--- START ---
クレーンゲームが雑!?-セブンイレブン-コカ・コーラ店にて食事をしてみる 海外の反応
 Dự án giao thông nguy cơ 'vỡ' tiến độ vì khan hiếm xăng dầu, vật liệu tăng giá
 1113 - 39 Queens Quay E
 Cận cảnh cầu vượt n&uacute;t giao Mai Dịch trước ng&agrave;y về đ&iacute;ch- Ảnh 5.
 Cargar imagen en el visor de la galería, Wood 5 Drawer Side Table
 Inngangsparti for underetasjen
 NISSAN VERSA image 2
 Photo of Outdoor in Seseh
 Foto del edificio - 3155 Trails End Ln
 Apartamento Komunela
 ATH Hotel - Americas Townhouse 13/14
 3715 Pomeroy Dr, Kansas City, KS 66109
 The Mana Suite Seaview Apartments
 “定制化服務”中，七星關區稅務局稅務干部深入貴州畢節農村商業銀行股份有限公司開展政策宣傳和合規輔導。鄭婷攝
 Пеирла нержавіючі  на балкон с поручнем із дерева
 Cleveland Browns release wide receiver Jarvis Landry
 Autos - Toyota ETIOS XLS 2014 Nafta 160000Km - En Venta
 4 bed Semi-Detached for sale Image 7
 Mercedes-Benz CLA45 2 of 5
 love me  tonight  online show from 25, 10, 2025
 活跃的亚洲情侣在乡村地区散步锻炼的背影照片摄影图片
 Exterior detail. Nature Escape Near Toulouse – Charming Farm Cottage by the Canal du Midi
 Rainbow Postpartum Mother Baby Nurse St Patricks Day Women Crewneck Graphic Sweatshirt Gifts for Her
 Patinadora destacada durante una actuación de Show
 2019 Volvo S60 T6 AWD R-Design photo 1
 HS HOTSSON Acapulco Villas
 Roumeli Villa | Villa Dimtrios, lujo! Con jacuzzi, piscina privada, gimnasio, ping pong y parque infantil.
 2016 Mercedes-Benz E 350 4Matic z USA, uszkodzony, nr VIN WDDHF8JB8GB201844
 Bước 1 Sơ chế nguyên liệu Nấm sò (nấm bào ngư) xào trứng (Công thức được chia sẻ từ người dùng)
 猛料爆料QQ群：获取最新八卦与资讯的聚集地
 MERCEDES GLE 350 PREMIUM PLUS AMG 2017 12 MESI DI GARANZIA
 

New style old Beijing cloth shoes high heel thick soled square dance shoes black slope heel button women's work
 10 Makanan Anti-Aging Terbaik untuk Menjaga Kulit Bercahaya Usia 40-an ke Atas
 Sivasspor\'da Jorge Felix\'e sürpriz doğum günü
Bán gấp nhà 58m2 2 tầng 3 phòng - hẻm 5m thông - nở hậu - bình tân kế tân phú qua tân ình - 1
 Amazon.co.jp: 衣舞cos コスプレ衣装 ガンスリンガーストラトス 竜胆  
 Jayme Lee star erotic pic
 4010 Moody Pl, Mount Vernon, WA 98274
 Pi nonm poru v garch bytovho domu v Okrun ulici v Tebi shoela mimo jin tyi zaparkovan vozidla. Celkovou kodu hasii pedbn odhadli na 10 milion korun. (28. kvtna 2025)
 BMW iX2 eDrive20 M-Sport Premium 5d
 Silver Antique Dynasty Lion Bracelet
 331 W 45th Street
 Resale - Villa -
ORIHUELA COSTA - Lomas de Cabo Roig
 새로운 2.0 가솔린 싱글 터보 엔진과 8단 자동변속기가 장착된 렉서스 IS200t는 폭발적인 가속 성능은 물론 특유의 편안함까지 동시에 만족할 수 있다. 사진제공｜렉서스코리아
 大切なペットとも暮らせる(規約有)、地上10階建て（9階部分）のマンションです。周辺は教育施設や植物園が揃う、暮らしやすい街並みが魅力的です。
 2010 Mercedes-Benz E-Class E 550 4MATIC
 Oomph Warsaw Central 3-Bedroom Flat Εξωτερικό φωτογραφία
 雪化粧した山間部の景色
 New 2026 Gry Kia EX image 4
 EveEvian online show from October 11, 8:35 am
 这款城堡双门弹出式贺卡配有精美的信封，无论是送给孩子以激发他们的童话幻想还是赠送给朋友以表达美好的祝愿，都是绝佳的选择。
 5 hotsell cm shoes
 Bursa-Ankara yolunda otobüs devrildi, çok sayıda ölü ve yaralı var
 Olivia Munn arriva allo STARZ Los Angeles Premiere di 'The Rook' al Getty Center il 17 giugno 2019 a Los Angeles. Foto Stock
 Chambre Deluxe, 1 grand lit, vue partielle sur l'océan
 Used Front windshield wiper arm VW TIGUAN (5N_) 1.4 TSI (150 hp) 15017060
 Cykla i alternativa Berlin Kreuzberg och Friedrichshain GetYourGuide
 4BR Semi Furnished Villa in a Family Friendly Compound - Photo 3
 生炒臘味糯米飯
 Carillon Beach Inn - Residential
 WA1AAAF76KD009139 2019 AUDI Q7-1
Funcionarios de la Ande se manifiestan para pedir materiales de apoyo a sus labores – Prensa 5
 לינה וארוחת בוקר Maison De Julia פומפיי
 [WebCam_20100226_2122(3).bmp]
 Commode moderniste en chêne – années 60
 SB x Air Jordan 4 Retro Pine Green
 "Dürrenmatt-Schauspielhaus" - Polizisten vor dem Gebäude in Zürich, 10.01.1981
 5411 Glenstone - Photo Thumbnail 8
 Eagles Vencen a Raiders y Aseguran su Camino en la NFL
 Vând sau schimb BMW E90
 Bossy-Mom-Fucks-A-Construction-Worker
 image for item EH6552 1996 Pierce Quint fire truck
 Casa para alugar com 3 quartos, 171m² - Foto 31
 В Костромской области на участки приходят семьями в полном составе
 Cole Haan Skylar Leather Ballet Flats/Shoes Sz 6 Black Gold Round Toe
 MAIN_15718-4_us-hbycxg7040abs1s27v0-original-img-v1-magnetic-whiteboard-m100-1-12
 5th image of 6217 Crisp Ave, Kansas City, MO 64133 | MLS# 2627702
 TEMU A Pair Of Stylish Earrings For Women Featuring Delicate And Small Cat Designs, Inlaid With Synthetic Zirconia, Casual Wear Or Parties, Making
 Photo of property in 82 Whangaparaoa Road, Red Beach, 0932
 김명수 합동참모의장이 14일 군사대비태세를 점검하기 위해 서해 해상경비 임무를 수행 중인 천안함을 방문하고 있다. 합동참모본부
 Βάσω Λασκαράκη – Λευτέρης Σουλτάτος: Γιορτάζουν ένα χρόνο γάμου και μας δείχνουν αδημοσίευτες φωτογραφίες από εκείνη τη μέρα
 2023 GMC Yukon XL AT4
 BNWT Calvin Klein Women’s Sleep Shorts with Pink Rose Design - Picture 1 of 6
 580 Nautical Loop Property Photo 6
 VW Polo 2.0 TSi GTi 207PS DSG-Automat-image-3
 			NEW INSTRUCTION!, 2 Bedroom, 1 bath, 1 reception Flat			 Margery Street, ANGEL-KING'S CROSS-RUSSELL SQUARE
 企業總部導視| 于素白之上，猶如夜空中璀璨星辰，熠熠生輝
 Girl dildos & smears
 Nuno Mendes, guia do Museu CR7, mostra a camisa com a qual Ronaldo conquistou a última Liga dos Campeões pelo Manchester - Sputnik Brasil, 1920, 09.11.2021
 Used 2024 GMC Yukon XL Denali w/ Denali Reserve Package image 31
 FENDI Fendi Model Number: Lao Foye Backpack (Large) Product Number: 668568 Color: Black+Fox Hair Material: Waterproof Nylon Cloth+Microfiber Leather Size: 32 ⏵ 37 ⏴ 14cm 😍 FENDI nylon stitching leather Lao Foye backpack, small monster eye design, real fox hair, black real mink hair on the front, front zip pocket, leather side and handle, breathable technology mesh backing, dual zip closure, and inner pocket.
--- END ---
▸ **Task**
All the records, as written, must be given again.

▸ **Finished exercise**
クレーンゲームが雑!?-セブンイレブン-コカ・コーラ店にて食事をしてみる 海外の反応
 Dự án giao thông nguy cơ 'vỡ' tiến độ vì khan hiếm xăng dầu, vật liệu tăng giá
 1113 - 39 Queens Quay E
 Cận cảnh cầu vượt n&uacute;t giao Mai Dịch trước ng&agrave;y về đ&iacute;ch- Ảnh 5.
 Cargar imagen en el visor de la galería, Wood 5 Drawer Side Table
 Inngangsparti for underetasjen
 NISSAN VERSA image 2
 Photo of Outdoor in Seseh
 Foto del edificio - 3155 Trails End Ln
 Apartamento Komunela
 ATH Hotel - Americas Townhouse 13/14
 3715 Pomeroy Dr, Kansas City, KS 66109
 The Mana Suite Seaview Apartments
 “定制化服務”中，七星關區稅務局稅務干部深入貴州畢節農村商業銀行股份有限公司開展政策宣傳和合規輔導。鄭婷攝
 Пеирла нержавіючі  на балкон с поручнем із дерева
 Cleveland Browns release wide receiver Jarvis Landry
 Autos - Toyota ETIOS XLS 2014 Nafta 160000Km - En Venta
 4 bed Semi-Detached for sale Image 7
 Mercedes-Benz CLA45 2 of 5
 love me  tonight  online show from 25, 10, 2025
 活跃的亚洲情侣在乡村地区散步锻炼的背影照片摄影图片
 Exterior detail. Nature Escape Near Toulouse – Charming Farm Cottage by the Canal du Midi
 Rainbow Postpartum Mother Baby Nurse St Patricks Day Women Crewneck Graphic Sweatshirt Gifts for Her
 Patinadora destacada durante una actuación de Show
 2019 Volvo S60 T6 AWD R-Design photo 1
 HS HOTSSON Acapulco Villas
 Roumeli Villa | Villa Dimtrios, lujo! Con jacuzzi, piscina privada, gimnasio, ping pong y parque infantil.
 2016 Mercedes-Benz E 350 4Matic z USA, uszkodzony, nr VIN WDDHF8JB8GB201844
 Bước 1 Sơ chế nguyên liệu Nấm sò (nấm bào ngư) xào trứng (Công thức được chia sẻ từ người dùng)
 猛料爆料QQ群：获取最新八卦与资讯的聚集地
 MERCEDES GLE 350 PREMIUM PLUS AMG 2017 12 MESI DI GARANZIA
 

New style old Beijing cloth shoes high heel thick soled square dance shoes black slope heel button women's work
 10 Makanan Anti-Aging Terbaik untuk Menjaga Kulit Bercahaya Usia 40-an ke Atas
 Sivasspor\'da Jorge Felix\'e sürpriz doğum günü
Bán gấp nhà 58m2 2 tầng 3 phòng - hẻm 5m thông - nở hậu - bình tân kế tân phú qua tân ình - 1
 Amazon.co.jp: 衣舞cos コスプレ衣装 ガンスリンガーストラトス 竜胆  
 Jayme Lee star erotic pic
 4010 Moody Pl, Mount Vernon, WA 98274
 Pi nonm poru v garch bytovho domu v Okrun ulici v Tebi shoela mimo jin tyi zaparkovan vozidla. Celkovou kodu hasii pedbn odhadli na 10 milion korun. (28. kvtna 2025)
 BMW iX2 eDrive20 M-Sport Premium 5d
 Silver Antique Dynasty Lion Bracelet
 331 W 45th Street
 Resale - Villa -
ORIHUELA COSTA - Lomas de Cabo Roig
 새로운 2.0 가솔린 싱글 터보 엔진과 8단 자동변속기가 장착된 렉서스 IS200t는 폭발적인 가속 성능은 물론 특유의 편안함까지 동시에 만족할 수 있다. 사진제공｜렉서스코리아
 大切なペットとも暮らせる(規約有)、地上10階建て（9階部分）のマンションです。周辺は教育施設や植物園が揃う、暮らしやすい街並みが魅力的です。
 2010 Mercedes-Benz E-Class E 550 4MATIC
 Oomph Warsaw Central 3-Bedroom Flat Εξωτερικό φωτογραφία
 雪化粧した山間部の景色
 New 2026 Gry Kia EX image 4
 EveEvian online show from October 11, 8:35 am
 这款城堡双门弹出式贺卡配有精美的信封，无论是送给孩子以激发他们的童话幻想还是赠送给朋友以表达美好的祝愿，都是绝佳的选择。
 5 hotsell cm shoes
 Bursa-Ankara yolunda otobüs devrildi, çok sayıda ölü ve yaralı var
 Olivia Munn arriva allo STARZ Los Angeles Premiere di 'The Rook' al Getty Center il 17 giugno 2019 a Los Angeles. Foto Stock
 Chambre Deluxe, 1 grand lit, vue partielle sur l'océan
 Used Front windshield wiper arm VW TIGUAN (5N_) 1.4 TSI (150 hp) 15017060
 Cykla i alternativa Berlin Kreuzberg och Friedrichshain GetYourGuide
 4BR Semi Furnished Villa in a Family Friendly Compound - Photo 3
 生炒臘味糯米飯
 Carillon Beach Inn - Residential
 WA1AAAF76KD009139 2019 AUDI Q7-1
Funcionarios de la Ande se manifiestan para pedir materiales de apoyo a sus labores – Prensa 5
 לינה וארוחת בוקר Maison De Julia פומפיי
 [WebCam_20100226_2122(3).bmp]
 Commode moderniste en chêne – années 60
 SB x Air Jordan 4 Retro Pine Green
 "Dürrenmatt-Schauspielhaus" - Polizisten vor dem Gebäude in Zürich, 10.01.1981
 5411 Glenstone - Photo Thumbnail 8
 Eagles Vencen a Raiders y Aseguran su Camino en la NFL
 Vând sau schimb BMW E90
 Bossy-Mom-Fucks-A-Construction-Worker
 image for item EH6552 1996 Pierce Quint fire truck
 Casa para alugar com 3 quartos, 171m² - Foto 31
 В Костромской области на участки приходят семьями в полном составе
 Cole Haan Skylar Leather Ballet Flats/Shoes Sz 6 Black Gold Round Toe
 MAIN_15718-4_us-hbycxg7040abs1s27v0-original-img-v1-magnetic-whiteboard-m100-1-12
 5th image of 6217 Crisp Ave, Kansas City, MO 64133 | MLS# 2627702
 TEMU A Pair Of Stylish Earrings For Women Featuring Delicate And Small Cat Designs, Inlaid With Synthetic Zirconia, Casual Wear Or Parties, Making
 Photo of property in 82 Whangaparaoa Road, Red Beach, 0932
 김명수 합동참모의장이 14일 군사대비태세를 점검하기 위해 서해 해상경비 임무를 수행 중인 천안함을 방문하고 있다. 합동참모본부
 Βάσω Λασκαράκη – Λευτέρης Σουλτάτος: Γιορτάζουν ένα χρόνο γάμου και μας δείχνουν αδημοσίευτες φωτογραφίες από εκείνη τη μέρα
 2023 GMC Yukon XL AT4
 BNWT Calvin Klein Women’s Sleep Shorts with Pink Rose Design - Picture 1 of 6
 580 Nautical Loop Property Photo 6
 VW Polo 2.0 TSi GTi 207PS DSG-Automat-image-3
 			NEW INSTRUCTION!, 2 Bedroom, 1 bath, 1 reception Flat			 Margery Street, ANGEL-KING'S CROSS-RUSSELL SQUARE
 企業總部導視| 于素白之上，猶如夜空中璀璨星辰，熠熠生輝
 Girl dildos & smears
 Nuno Mendes, guia do Museu CR7, mostra a camisa com a qual Ronaldo conquistou a última Liga dos Campeões pelo Manchester - Sputnik Brasil, 1920, 09.11.2021
 Used 2024 GMC Yukon XL Denali w/ Denali Reserve Package image 31
 FENDI Fendi Model Number: Lao Foye Backpack (Large) Product Number: 668568 Color: Black+Fox Hair Material: Waterproof Nylon Cloth+Microfiber Leather Size: 32 ⏵ 37 ⏴ 14cm 😍 FENDI nylon stitching leather Lao Foye backpack, small monster eye design, real fox hair, black real mink hair on the front, front zip pocket, leather side and handle, breathable technology mesh backing, dual zip closure, and inner pocket.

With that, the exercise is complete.